Scraped caption text data
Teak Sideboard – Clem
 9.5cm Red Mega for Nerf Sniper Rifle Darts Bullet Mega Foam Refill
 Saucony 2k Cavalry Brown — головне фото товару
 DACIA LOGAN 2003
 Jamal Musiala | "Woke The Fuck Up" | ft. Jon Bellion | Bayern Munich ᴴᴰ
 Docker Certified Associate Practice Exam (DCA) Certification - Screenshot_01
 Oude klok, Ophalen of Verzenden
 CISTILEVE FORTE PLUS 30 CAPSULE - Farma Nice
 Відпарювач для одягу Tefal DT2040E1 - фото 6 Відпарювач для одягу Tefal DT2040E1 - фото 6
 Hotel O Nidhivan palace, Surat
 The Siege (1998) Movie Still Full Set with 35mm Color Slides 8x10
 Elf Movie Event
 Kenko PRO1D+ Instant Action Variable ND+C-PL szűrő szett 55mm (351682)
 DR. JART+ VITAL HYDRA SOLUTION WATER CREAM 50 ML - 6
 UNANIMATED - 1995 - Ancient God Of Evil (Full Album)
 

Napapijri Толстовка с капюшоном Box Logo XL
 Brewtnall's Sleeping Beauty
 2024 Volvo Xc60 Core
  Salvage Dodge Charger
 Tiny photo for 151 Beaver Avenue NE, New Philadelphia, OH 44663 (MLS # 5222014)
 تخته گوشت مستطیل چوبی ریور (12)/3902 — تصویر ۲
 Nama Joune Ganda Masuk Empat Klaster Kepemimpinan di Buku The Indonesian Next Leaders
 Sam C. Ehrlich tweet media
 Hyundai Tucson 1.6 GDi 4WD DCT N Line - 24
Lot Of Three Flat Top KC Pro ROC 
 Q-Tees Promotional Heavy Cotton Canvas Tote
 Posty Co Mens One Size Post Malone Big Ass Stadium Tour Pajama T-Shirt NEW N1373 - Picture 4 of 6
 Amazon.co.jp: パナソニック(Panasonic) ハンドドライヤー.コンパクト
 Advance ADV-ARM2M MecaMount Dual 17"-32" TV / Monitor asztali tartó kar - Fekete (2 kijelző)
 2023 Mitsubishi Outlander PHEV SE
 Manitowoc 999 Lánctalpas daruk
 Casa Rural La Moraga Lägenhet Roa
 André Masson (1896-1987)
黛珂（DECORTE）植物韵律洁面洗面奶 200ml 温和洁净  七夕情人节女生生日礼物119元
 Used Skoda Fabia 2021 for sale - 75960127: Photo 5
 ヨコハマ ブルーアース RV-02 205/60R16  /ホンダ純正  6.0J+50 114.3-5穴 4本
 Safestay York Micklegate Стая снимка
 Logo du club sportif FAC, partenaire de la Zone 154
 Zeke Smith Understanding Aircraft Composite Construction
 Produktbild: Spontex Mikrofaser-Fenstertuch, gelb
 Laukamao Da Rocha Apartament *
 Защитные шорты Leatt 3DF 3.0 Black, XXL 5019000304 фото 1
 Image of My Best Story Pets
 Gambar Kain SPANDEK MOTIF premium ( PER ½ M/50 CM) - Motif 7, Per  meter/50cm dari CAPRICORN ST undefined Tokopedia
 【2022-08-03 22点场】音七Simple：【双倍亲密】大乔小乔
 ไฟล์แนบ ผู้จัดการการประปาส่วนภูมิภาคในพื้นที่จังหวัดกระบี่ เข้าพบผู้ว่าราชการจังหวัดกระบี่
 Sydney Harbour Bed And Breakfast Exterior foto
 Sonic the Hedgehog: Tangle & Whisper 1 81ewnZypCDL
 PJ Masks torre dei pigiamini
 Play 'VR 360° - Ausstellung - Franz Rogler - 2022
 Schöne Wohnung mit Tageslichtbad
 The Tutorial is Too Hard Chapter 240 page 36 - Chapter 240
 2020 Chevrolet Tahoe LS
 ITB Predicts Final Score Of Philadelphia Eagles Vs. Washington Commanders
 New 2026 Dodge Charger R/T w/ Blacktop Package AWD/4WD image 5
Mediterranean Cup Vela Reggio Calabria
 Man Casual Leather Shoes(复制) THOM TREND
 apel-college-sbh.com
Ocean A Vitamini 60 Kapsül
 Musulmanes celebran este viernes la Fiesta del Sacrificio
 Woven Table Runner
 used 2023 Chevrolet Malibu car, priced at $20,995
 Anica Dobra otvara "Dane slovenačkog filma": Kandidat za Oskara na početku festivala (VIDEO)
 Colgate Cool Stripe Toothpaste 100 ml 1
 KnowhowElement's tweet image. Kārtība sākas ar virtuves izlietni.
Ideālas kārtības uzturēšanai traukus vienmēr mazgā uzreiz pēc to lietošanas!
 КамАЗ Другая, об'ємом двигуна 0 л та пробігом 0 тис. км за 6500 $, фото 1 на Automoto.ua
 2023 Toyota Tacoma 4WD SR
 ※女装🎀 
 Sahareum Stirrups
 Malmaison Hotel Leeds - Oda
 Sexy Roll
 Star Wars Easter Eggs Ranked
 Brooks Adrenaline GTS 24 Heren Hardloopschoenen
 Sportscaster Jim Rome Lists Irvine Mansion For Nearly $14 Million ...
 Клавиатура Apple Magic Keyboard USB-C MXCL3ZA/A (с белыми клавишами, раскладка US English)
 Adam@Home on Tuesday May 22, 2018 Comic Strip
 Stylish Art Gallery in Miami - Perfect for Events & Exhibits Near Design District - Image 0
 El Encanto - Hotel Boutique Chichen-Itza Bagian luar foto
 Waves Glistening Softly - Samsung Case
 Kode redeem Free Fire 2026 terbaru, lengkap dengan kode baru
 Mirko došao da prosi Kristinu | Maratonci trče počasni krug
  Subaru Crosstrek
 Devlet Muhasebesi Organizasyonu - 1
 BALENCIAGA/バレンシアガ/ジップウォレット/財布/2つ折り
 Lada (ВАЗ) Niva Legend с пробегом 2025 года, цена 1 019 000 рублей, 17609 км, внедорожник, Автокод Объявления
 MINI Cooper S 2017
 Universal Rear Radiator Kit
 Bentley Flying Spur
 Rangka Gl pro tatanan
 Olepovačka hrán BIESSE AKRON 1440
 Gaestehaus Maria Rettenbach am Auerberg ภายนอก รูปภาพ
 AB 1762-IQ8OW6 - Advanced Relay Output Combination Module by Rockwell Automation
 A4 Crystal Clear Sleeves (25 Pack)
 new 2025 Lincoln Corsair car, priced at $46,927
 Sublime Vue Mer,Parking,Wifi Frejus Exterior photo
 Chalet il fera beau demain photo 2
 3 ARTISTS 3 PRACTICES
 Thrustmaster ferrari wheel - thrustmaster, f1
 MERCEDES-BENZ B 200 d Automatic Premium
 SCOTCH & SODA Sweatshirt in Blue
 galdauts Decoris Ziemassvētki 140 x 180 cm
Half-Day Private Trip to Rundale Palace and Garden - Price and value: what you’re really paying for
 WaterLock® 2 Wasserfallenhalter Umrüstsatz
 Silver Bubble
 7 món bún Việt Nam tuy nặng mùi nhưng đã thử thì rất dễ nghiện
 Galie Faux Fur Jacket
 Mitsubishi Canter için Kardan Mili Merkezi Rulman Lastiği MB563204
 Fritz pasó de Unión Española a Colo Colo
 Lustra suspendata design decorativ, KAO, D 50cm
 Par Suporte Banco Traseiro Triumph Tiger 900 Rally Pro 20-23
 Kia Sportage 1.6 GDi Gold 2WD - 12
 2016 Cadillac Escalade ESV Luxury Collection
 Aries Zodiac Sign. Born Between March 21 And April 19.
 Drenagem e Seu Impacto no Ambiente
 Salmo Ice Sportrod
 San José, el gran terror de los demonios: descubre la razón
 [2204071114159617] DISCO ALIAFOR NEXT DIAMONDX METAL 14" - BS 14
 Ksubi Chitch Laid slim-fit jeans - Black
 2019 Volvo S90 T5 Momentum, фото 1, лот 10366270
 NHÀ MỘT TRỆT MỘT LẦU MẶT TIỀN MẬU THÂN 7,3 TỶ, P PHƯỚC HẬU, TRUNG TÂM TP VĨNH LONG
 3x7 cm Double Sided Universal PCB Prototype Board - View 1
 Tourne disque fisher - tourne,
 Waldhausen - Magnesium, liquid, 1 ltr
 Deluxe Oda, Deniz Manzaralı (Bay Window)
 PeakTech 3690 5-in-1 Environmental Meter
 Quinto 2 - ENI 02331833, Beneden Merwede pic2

What to do
Quote exactly the first line of the data and every line after it through the one holding "Jamal Musiala |".

Problem solution
Teak Sideboard – Clem
 9.5cm Red Mega for Nerf Sniper Rifle Darts Bullet Mega Foam Refill
 Saucony 2k Cavalry Brown — головне фото товару
 DACIA LOGAN 2003
 Jamal Musiala | "Woke The Fuck Up" | ft. Jon Bellion | Bayern Munich ᴴᴰ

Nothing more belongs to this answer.